Watch a number of English films from the Fifties and one is not surprised to find Sam Kydd in a small part, whether a spiv or a desk sergeant, even a newspaper seller. How pleasing, then, to see The Price of Silence (1960) and find him given a chance to stretch out. Stretch is the word. He has been in gaol, and now notices, as a small-town sweet-shop owner, that a fellow prisoner (the mild-mannered Gordon Jackson) has changed his name by deed poll and shows prowess as an estate agent.
This brings dynamic to a film – the title suggests the pivotal blackmail – with a cast which includes two women who have amatory designs upon Jackson. One is his elderly employer's startlingly sultry young wife (Maya Koumani); the other June Thorburn, an artist who lives near a delapidated house Jackson has been deputed to try to sell.
From a novel by the dependable Laurence Meynell, this was directed by Montgomery Tully who made many such films. It is one of his best, bringing out to good effect such minor characters as a Councillor (Norman Shelley) whose indiscretion in a pub loses him the chance to make a killing by swinging the Planning Committee when it discusses a timber yard. One fully expects him to clasp his lapels, puff his stomach and proclaim, “don't you know who I am?”

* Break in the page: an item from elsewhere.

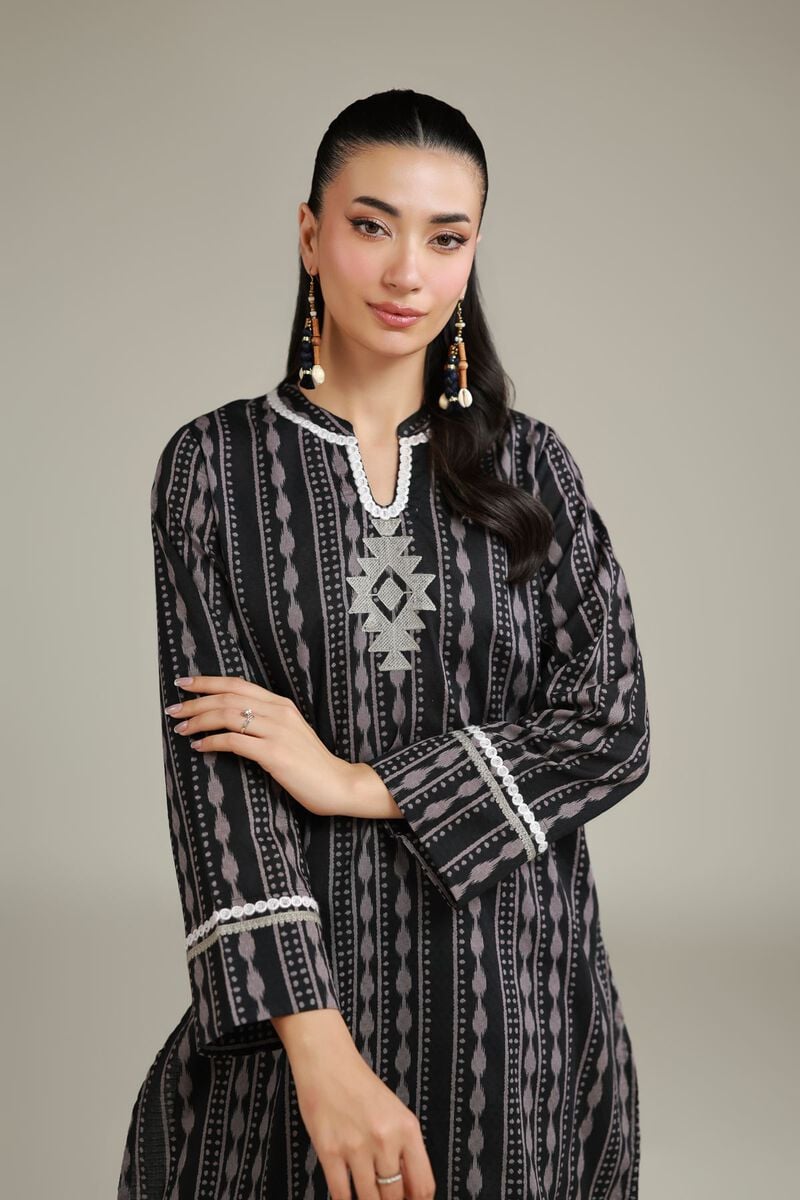 Embroidered | Cotton Dobby | Short Cotton Kurta | USD 30.00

The elements of the plot fit together plausibly, which is partly a matter of Tully's opting for a succession of jump cuts. The pace keeps up, nothing stales six decades on. In that time, June Thorburn died, pregnant, in an aeroplane crash but Maya Koumani is still alive.
In these boxes of nine-film sets, not every item is as good as this but they are invariably diverting, and there is sometimes such a surprise as The Price of Silence.